日本大百科全書(ニッポニカ) 「ヤーウェ」の意味・わかりやすい解説
ヤーウェ
やーうぇ
Yahweh
Jahve
古代ユダヤ教、とくに『旧約聖書』で用いられる神の名。邦訳聖書(日本聖書協会刊)では文語訳で「エホバ」、口語訳で「主(しゅ)」。そのほか「ヤㇵウェ」「ヤーベ」とも表記される。この神の起源や神名の意味については、種々の学説はあるが、確実なことはかならずしもわかっていない。『旧約聖書』「出エジプト記」によれば、モーセに初めてこの神の名が啓示され(6章2~3節)、またこの神の名がイェヒエ・アシェル・イェヒエ(口語訳「有って有る者」、同3章14節)から説明されている。

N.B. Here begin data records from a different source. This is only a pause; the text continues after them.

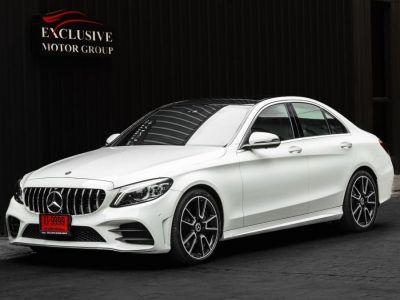 Mercedes-Benz C220d AMG Dynamic ปี 2021 ไมล์ 73,xxx Km รูปที่ 0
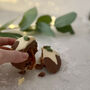 Caramel Filled Chocolate Christmas Pudding, thumbnail 1 of 3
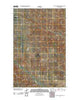 South of Four Buttes Montana Historical topographic map, 1:24000 scale, 7.5 X 7.5 Minute, Year 2011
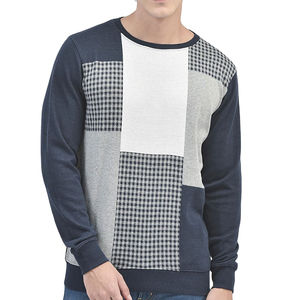 Sweat-shirt pour homme anti-rides, sublimation, prix de gros, prix bas, essentiel, broderie, nouveau design, sweat-shirt pour homme en sublimation - Product Image 2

いずれにしても、このヤーウェと、モーセに率いられてエジプトを脱出した民との間に契約(シナイ契約)が結ばれ、ここに古代イスラエルのヤーウェ宗教が基礎を据えられたのである。ところがこの契約のしるしとしての掟(おきて)(十戒)に、ヤーウェの名をみだりに唱えてはならないとの戒めがあった。古代イスラエル人は、そして今日のユダヤ教徒も、この戒めを固く守り通したため、元来子音のみで記されたこの神名YHWH(四聖文字)の発音は長く忘れられていた。これが、Yahwehと判明するのは19世紀以降のことである。「主」は古代ギリシア語訳に基づく。「エホバ」は誤り。なお、元来イスラエルの神であったヤーウェは、『旧約聖書』の預言者たちによって絶対唯一神へと高められていった。